The survey polled those who held second pillar pension funds with Luminor.
The second pillar is a pension fund contributed to on a mandatory basis by employers and employees. A recent bill, championed by the coalition Isamaa party, would make membership of the second pillar optional if it passes at the Riigikogu.
Younger people in particular who responded to the survey, as well as men in general, and native speakers of Russian, are among those who think they will never retire or retire at an advanced age, according to Luminor.
The survey also found widespread dissatisfaction with the pension system in Estonia as it stands, with only 7 percent of respondents saying it was fair, and an even small number, 3 percent, saying they believe the system will cover their retirement needs.
The latter figure is nonetheless a small rise on a Luminor survey from two years ago, where 2 percent felt that their pension would be adequate.
From those who believed they would retire (see below) the figure was higher – 11 percent believed the current system would be sufficient for their needs.

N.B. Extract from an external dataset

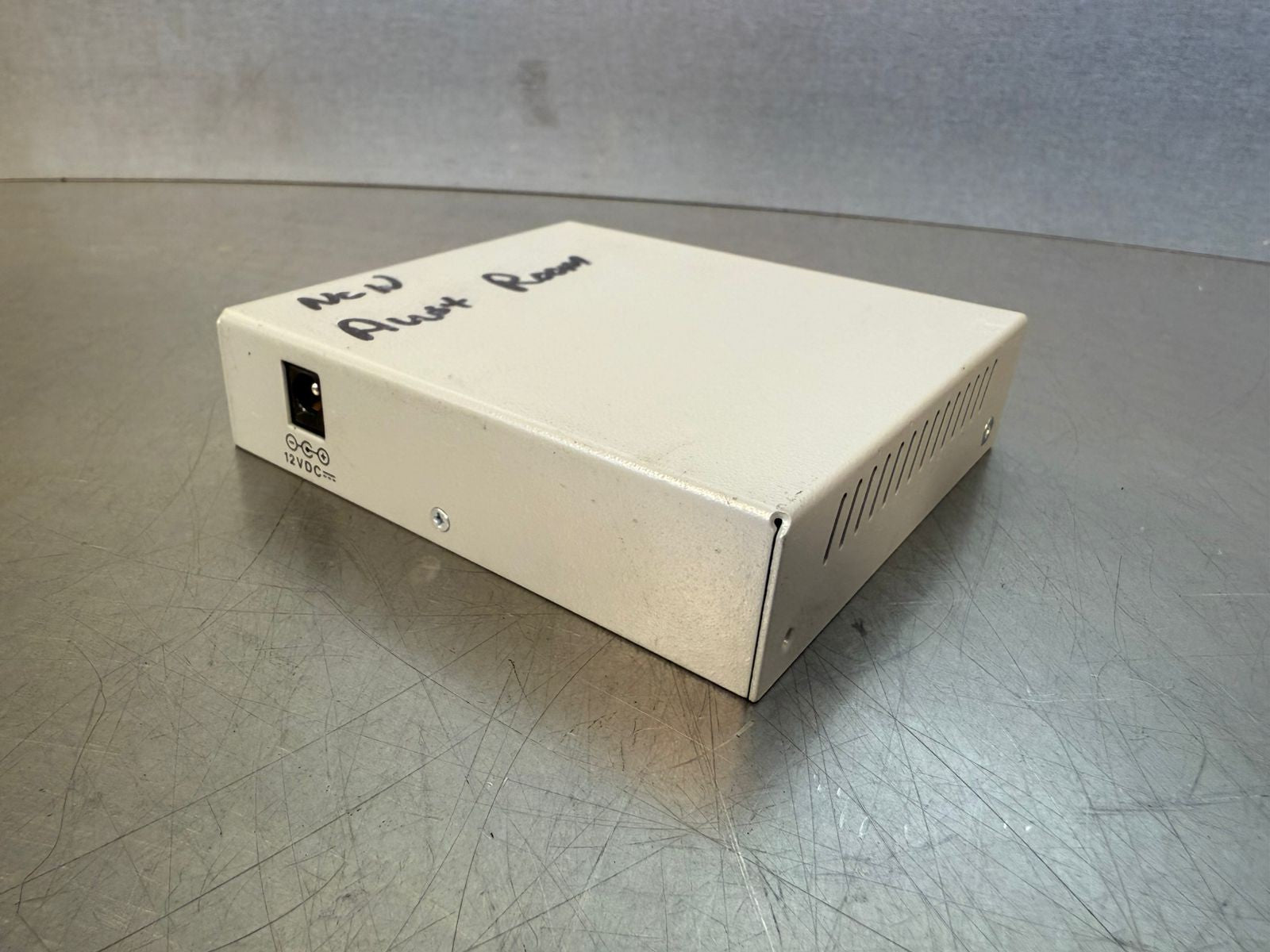 Allied Telesis AT-MC101XL Fast Ethernet Media Converter            (3.2.4)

Of those who believe they will retire at some point, 33 percent thought this would be beyond the age of 70, and 13 percent thought it would happen between 66 and 69. The official retirement age is 63.
As noted the overall figure for those who believed they would never retire was 26 percent of respondents.
From the 17-36 year-old age group, 35 percent of respondents believed they would never retire, whereas this figure was 23 percent in the next age bracket (37-60).
29 percent of men who responded to the survey believed they would never retire, compared with 22 percent of women.
35 percent of native Russian speakers thought they would not ever retire; 24 percent of native Estonian speakers felt the same way.
"These results can be interpreted in different ways," said Martin Rajasalu, Luminor Pensions Estonia board member, according to BNS.
"There are likely those who do not plan or want to retire themselves, but there is a high probability that there are people who think that the retirement age may increase so much in the future that they simply will not live long enough," he said.